Watch This Aussie Actor Tear Apart Everyday Racism In Last Night’s ‘Q&A’ Episode
"I'm always gonna be your black friend, aren't I? That's all anybody ever sees."
Actor Meyne Wyatt has been hailed for delivering a powerful monologue on everyday racism on last night’s Q&A — and it’s something all Australians should see.
The episode shone a spotlight on the Black Lives matter movement, Australia’s own Indigenous deaths in custody, as well as the micro-aggressions that Indigenous Australians face every day.
It was something Meyne and his fellow panel members spoke passionately about throughout the evening, but in the last four minutes he stole the show with a powerful soliloquy from his play City Of Gold.
“I’m always gonna be your black friend, aren’t I? That’s all anybody ever sees,” he starts.
“I’m never just an actor. I’m an Indigenous actor. I love reppin’, but I don’t hear old Joe Bloggs being called quite white Anglo-Saxon actor.
“I’m always in the black show, the black play. I’m always the angry one, the tracker, the drinker, the thief. Sometimes I want to be seen for my talent, not my skin colour, not my race.”
Meyne Wyatt closes #QandA with a monologue from his play, City of Gold. pic.twitter.com/9ALFIYRAnq
— QandA (@QandA) June 8, 2020
He goes on to touch on white privilege, Australia’s treatment of AFL player (and Australian of the Year) Adam Goodes, the flagrant racism he experienced as a kid, and the subtle, insidious racism he still experiences as an adult — “the kind of shit I let them think they’re getting way with”.
“‘Nah, we’re progressive, now, we’ll give you the small, subtle shit’. The shit that’s always been there. Not the obvious, in-your-face shit. It’s the ‘we can’t be seen to be racist’ kind of shit,” he said.
“Security guard following me around the store, asking to search my bag. Walking up to the counter first being served, second or third or last kind of shit. Or hailing down a cab and watching it slow down to look at my face and then drive off.”
That monologue by @meynewyatt might be the most incredible and shattering thing I’ve seen on #qanda.
— Benjamin Law 羅旭能 (@mrbenjaminlaw) June 8, 2020
Wyatt finishes the monologue by talking about the exhausting act of trying to educate people about race.
“To be honest, I can’t be bothered. I can’t be bothered teaching their ignorant arses on a daily basis. I don’t have the energy or the enthusiasm. It’s exhausting, and I like living my life,” he said.
“But on occasion, when you caught me on a bad day where I don’t feel like taking it, I’ll give you that angry black you’ve been asking for and I’ll tear you a new asshole. Not because of that one time, because of my whole life.”

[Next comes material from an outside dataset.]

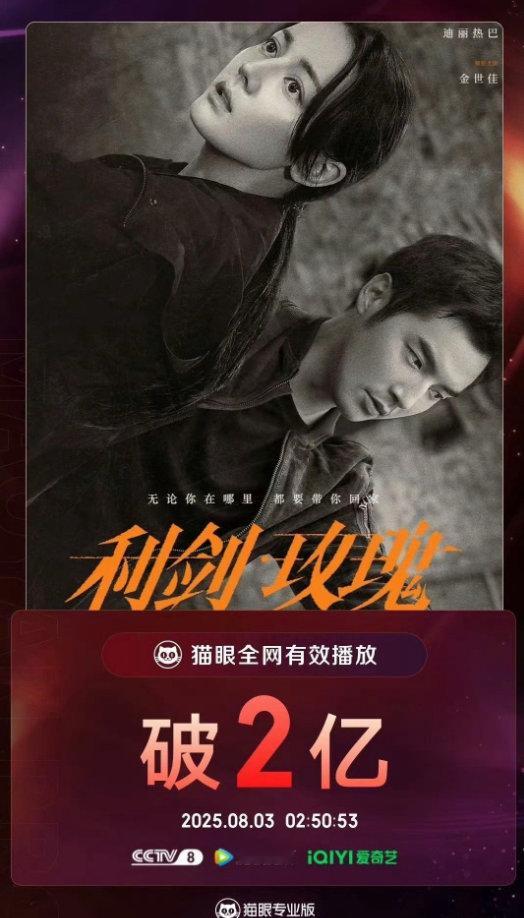 《利剑玫瑰》全网有效播放量破2亿，迪丽热巴在剧中的精彩演绎让角色深入人心。观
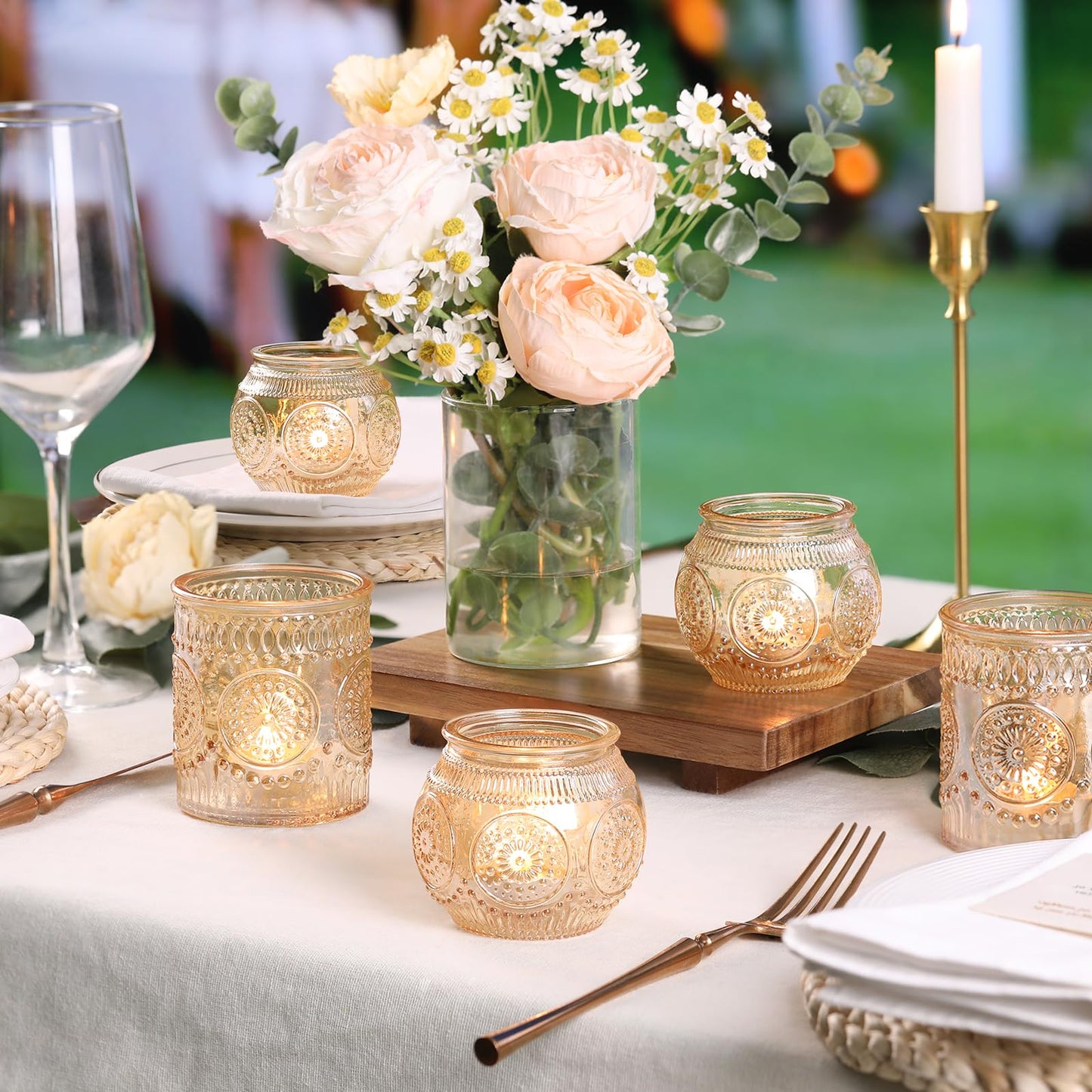 DARJEN Gold Votive Candle Holder Set of 20, Upgraded Size Tea Light Candle Holder Glass for Wedding Table Centerpieces, Elegant Bulk Votive Holders for Party, Proposals and Wedding Shower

Instead, he asks for help from people to challenge everyday racism when they see it.
“Be crazy, take a risk, be different, offend your family. Call them out,” he said. “Silence is violence. Complacency is complicity.
“I don’t want to be quiet. I don’t want to be humble. I don’t want to sit down.”

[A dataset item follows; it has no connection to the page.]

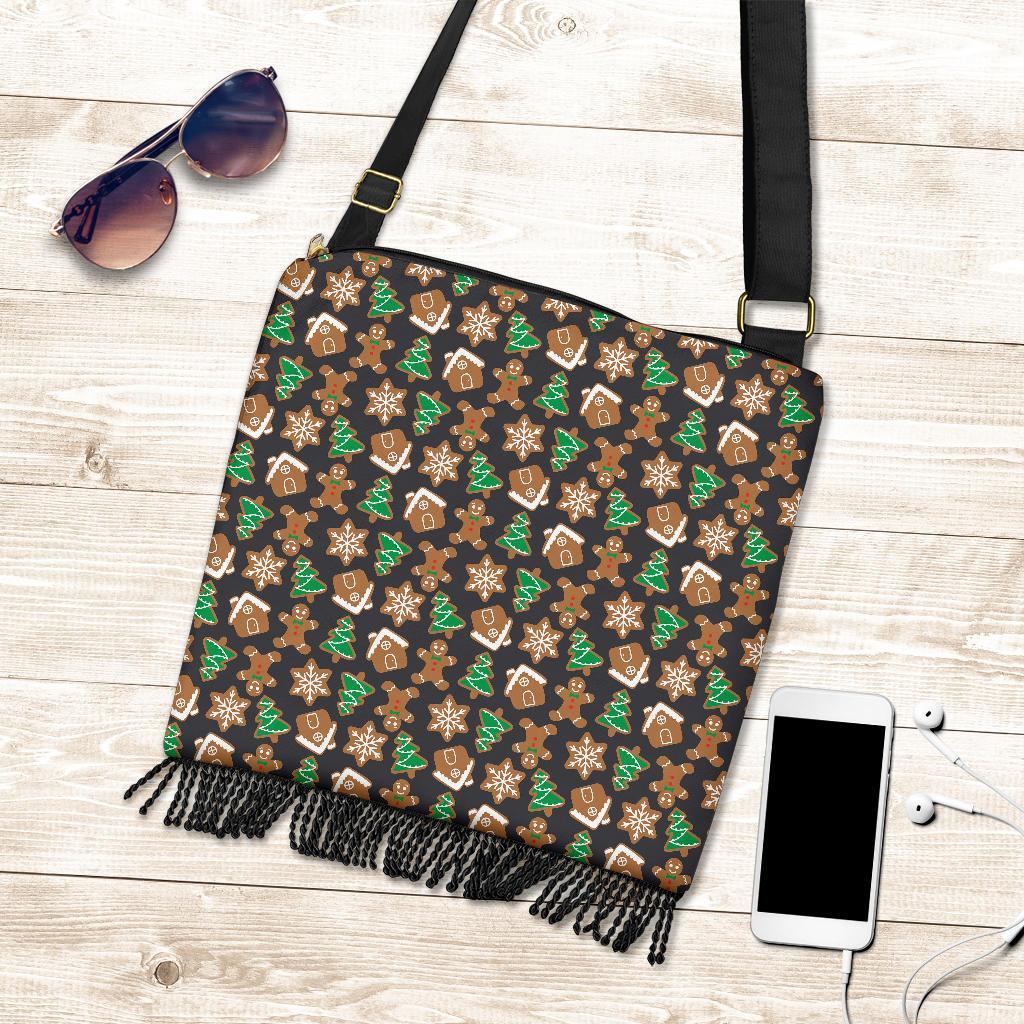 Gingerbread Man Pattern Print Chirstmas Crossbody Bags-grizzshop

Ummm did we just watch @meynewyatt deliver the best two minutes of Australian TV ever??! #QandA
— Nazeem Hussain (@nazeem_hussain) June 8, 2020
Such passion. That bought me to tears. Incredibly moving and powerful. Loved the whole show tonight beautifully topped off by Meyne 💪🏻🙏🏻
— Mrs Hoom (@mrs_hoom) June 8, 2020
My sister said to me that she found this very confronting. I replied “Good! If you’re feeling uncomfortable hearing it, how do you think he feels living it??!” #qanda
— Pierrette (@pierrettec76) June 8, 2020
The episode also featured Leetona Dungay, the mother of David Dungay who died in police custody in 2015; actor Nakkiah Lui; lawyer Nyadol Nyuon; Shadow Treasurer Jim Chalmers; and NSW Liberal senator Andrew Bragg.